*ENTRIES SUPPLIED:*
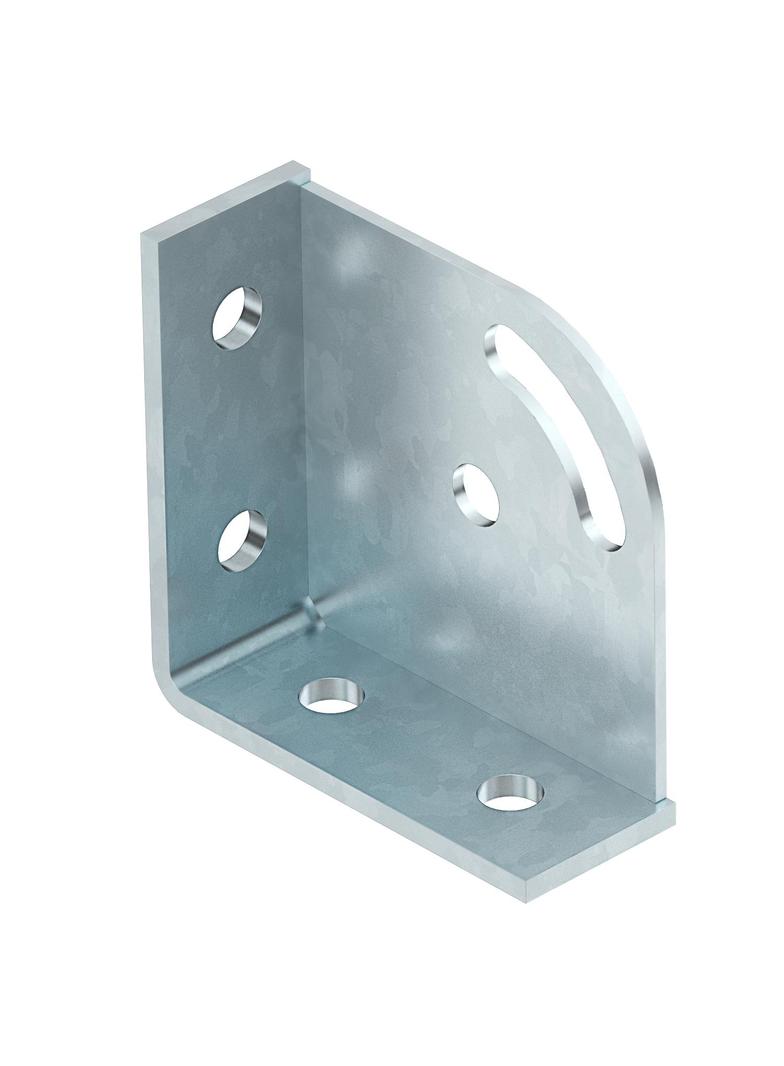 GMS 6 KD FT Narożnik 90°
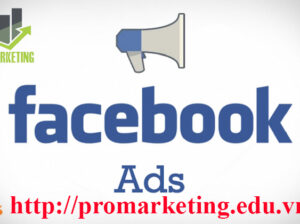 Giảm 50% khóa học facebook ads tại Pro Marketing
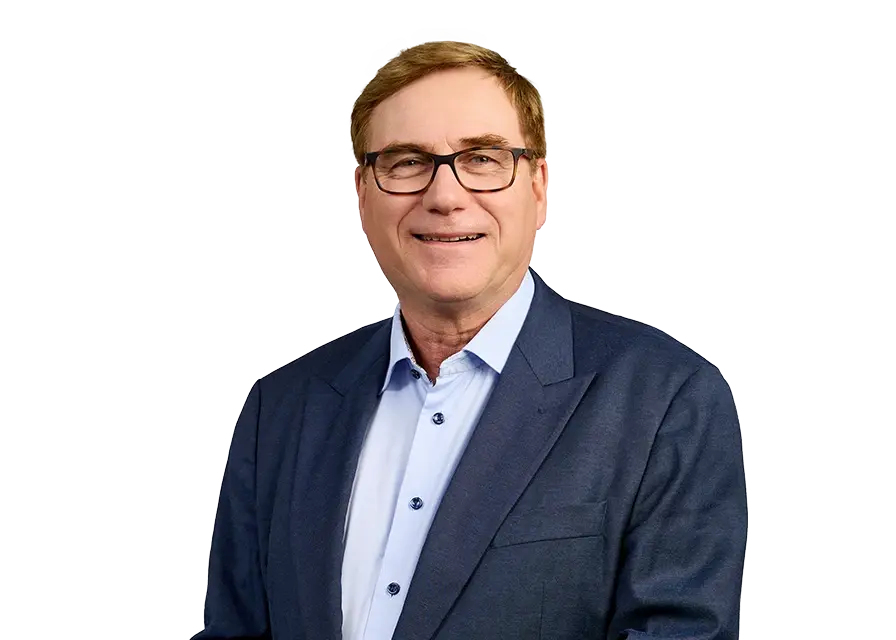 Holger Wendorff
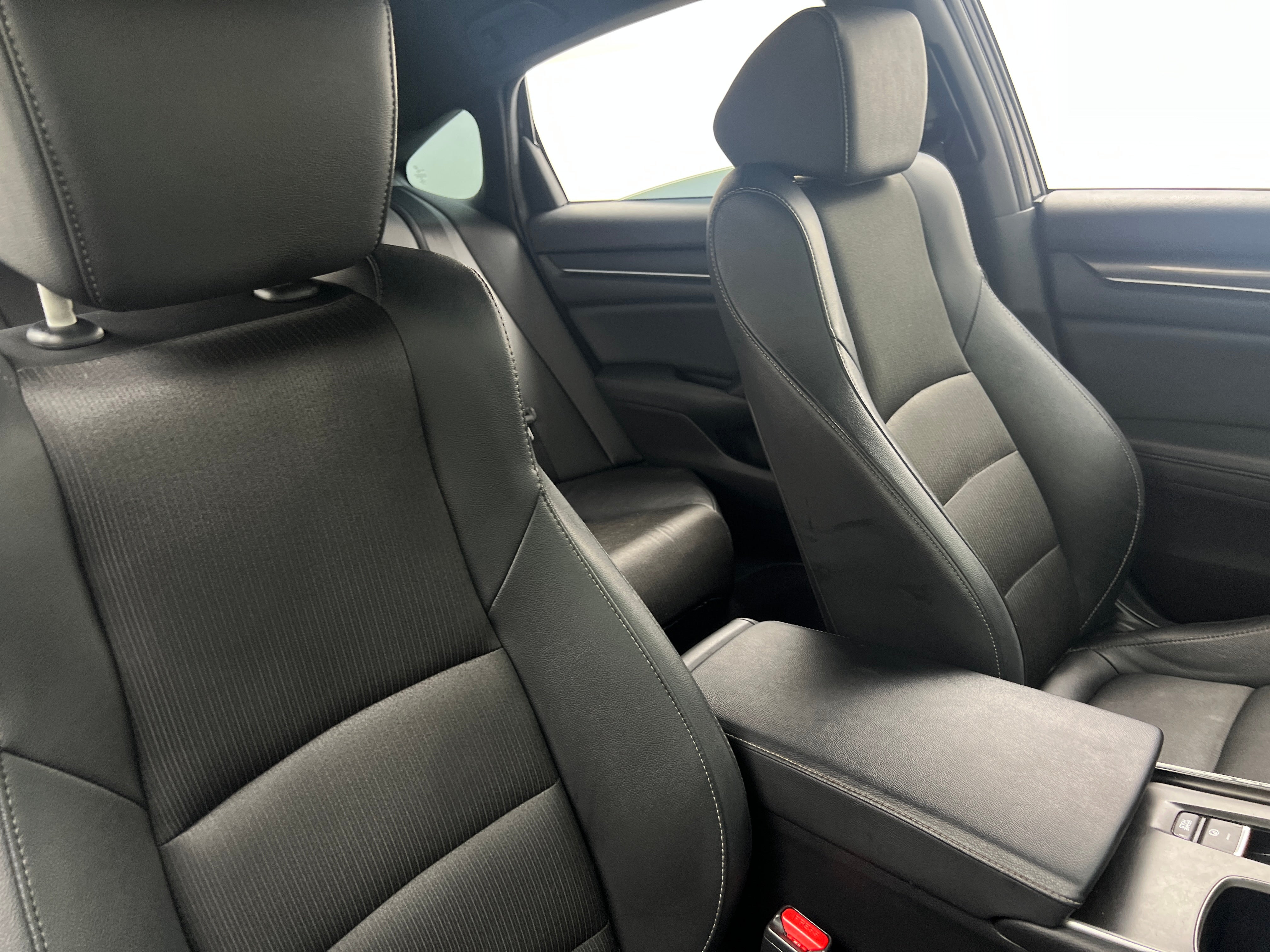 Thumbnail: 2019 Honda Accord - 2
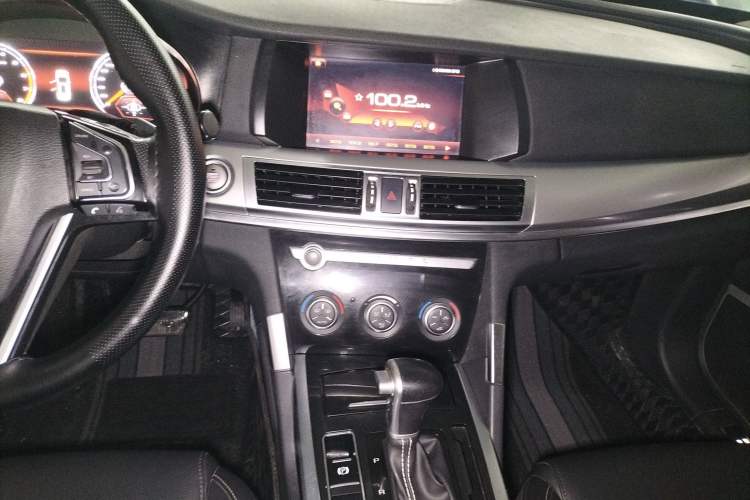 Used Haval H7 2018 Blue-Label H7 2.0T Automatic Smart Edition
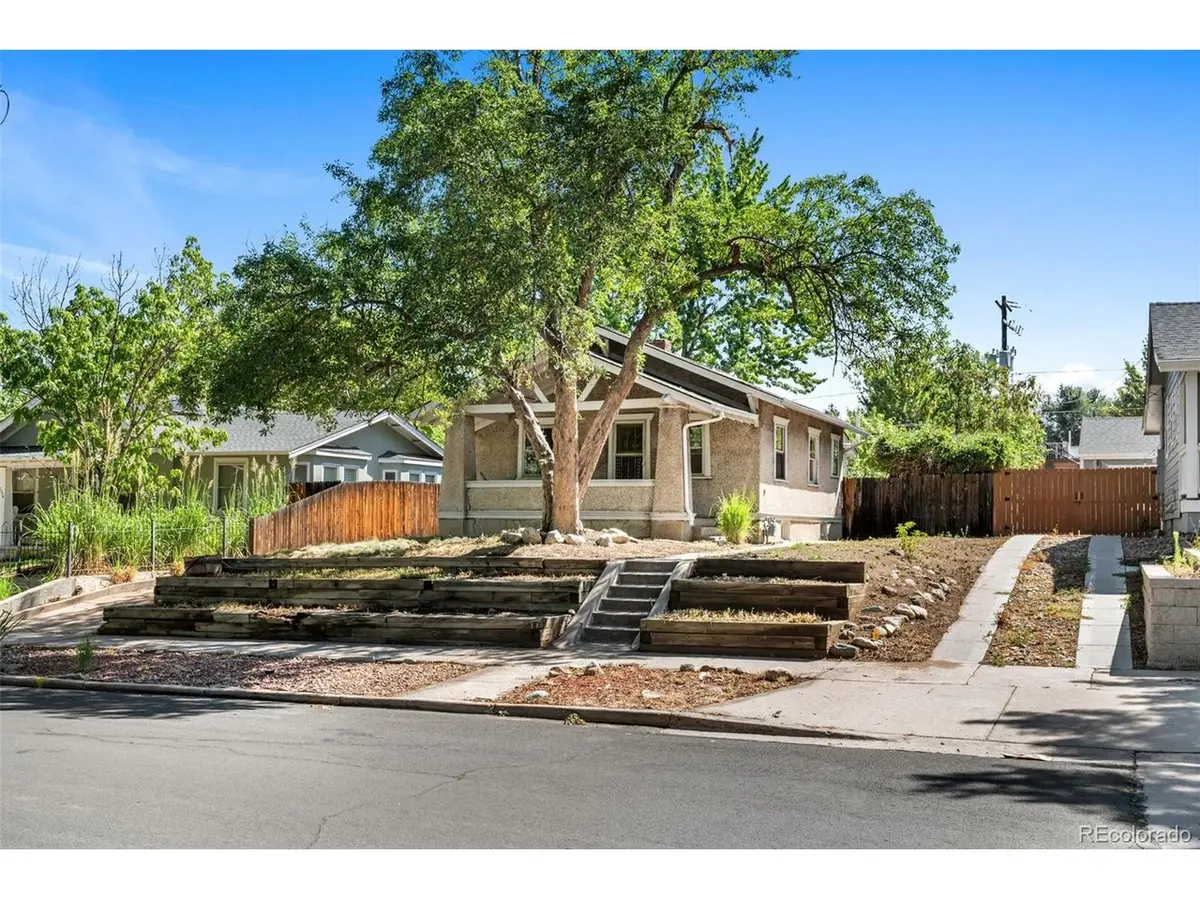 2080 S Emerson, Denver, CO 80210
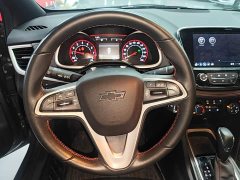 Chevrolet Cruze 2020 Mild Hybrid RS 330T Automatic Comfort Edition - ფოტო 10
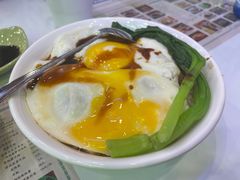 -澳门陈光记烧味饭店(郎家园店)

*WHAT YOU SHOULD DO:* The entries above are to be reproduced exactly, with the pictures dropped.

*TASK OUTPUT:*
 GMS 6 KD FT Narożnik 90°
 Giảm 50% khóa học facebook ads tại Pro Marketing
 Holger Wendorff
 Thumbnail: 2019 Honda Accord - 2
 Used Haval H7 2018 Blue-Label H7 2.0T Automatic Smart Edition
 2080 S Emerson, Denver, CO 80210
 Chevrolet Cruze 2020 Mild Hybrid RS 330T Automatic Comfort Edition - ფოტო 10
 -澳门陈光记烧味饭店(郎家园店)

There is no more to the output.